Principal Site Reliability Engineer - Public Safety

Oracle

About The Position

Oracle Public Safety is delivering a next‑generation SaaS platform that empowers First Responders with resilient, secure, and highly available software. Our mission is to ensure our services are reliable at scale, performant under real‑time workloads, and continuously improving—so First Responders can better serve our communities. We are growing rapidly and seeking an experienced Principal Site Reliability Engineer to help build, operate, and optimize our production platforms. As an Principal SRE, you are a hands-on engineer who thrives at the intersection of software and systems. You define and uphold reliability standards, drive automation, and partner closely with product and engineering to design systems that are observable, scalable, secure, and cost‑efficient. You’re comfortable owning complex production environments, leading incident response, and turning learnings into lasting improvements.
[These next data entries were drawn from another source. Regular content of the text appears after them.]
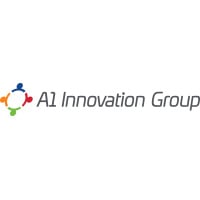 A1 Innovation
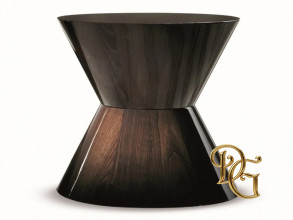 Столик журнальный Capital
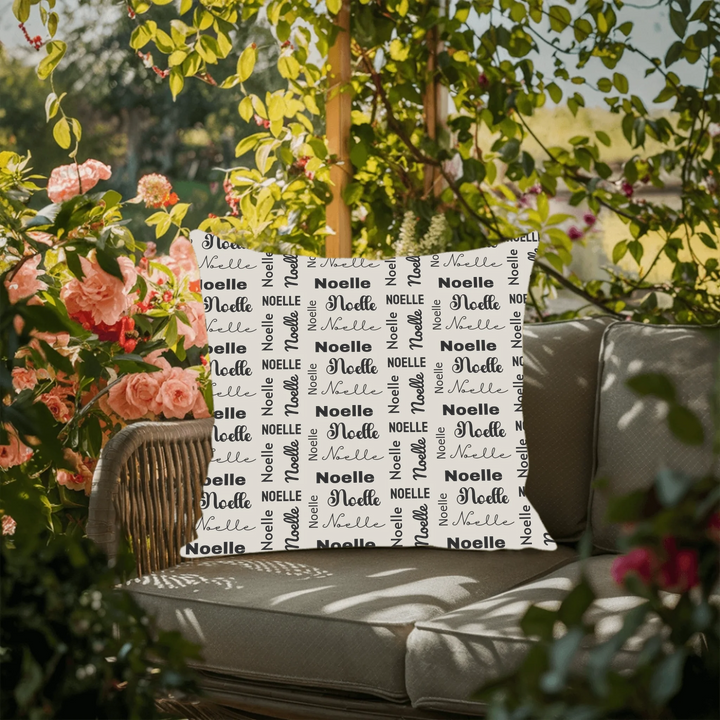 8ccsZqMdF1xiFDEfcKYjUSzKJ1l9S2pKu4RID1hN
You communicate clearly, influence cross‑functional teams, and champion a culture of operational excellence.

Requirements

6–10 years of hands-on experience in Site Reliability Engineering, Production Engineering, or closely related software/systems roles.
Strong Linux/Unix fundamentals (Oracle Linux preferred) and systems performance tuning.
Proficiency operating services on OCI (preferred) or another major cloud; solid understanding of networking, VPCs, IAM, and security groups.
Containers and orchestration expertise: Docker and Kubernetes (including Helm, operators, and multi‑cluster strategies).
CI/CD experience (Jenkins or GitLab CI) with progressive delivery patterns, quality gates, and environment promotions.
Programming languages: Java experience is required, including debugging, performance tuning, and operability of Java-based microservices in production. Scripting and automation in Bash.
Infrastructure as Code and automation: Terraform, Ansible.
Datastores: Oracle Database, MySQL; familiarity with MS SQL and/or NoSQL is a plus; experience with performance, HA, and backup/restore.
Observability: hands-on with metrics/logs/traces (e.g., Prometheus, Grafana, OCI Monitoring/Logging, OpenTelemetry); alert design and runbooks.
Version control and collaboration: Git (Bitbucket preferred); issue tracking and documentation (Jira, Confluence).
Experience with ITIL practices (Incident, Problem, Change; Foundation certification preferred) and Agile delivery frameworks.
Familiarity with web and microservices architectures, REST/GraphQL, API gateways, and edge/CDN patterns.
A systems thinker with excellent communication skills; able to move from strategy to detailed implementation and influence across teams.
Self‑starter; comfortable owning complex production systems and driving cross‑functional reliability initiatives.

Nice To Haves

Experience with service mesh (e.g., Istio), policy as code (OPA), and secrets management (Vault/OCI Vault).
Chaos engineering, reliability testing frameworks, or game day facilitation.
Cost management/FinOps in multi‑tenant SaaS.
Experience supporting AI/ML or real‑time event/data processing platforms in production.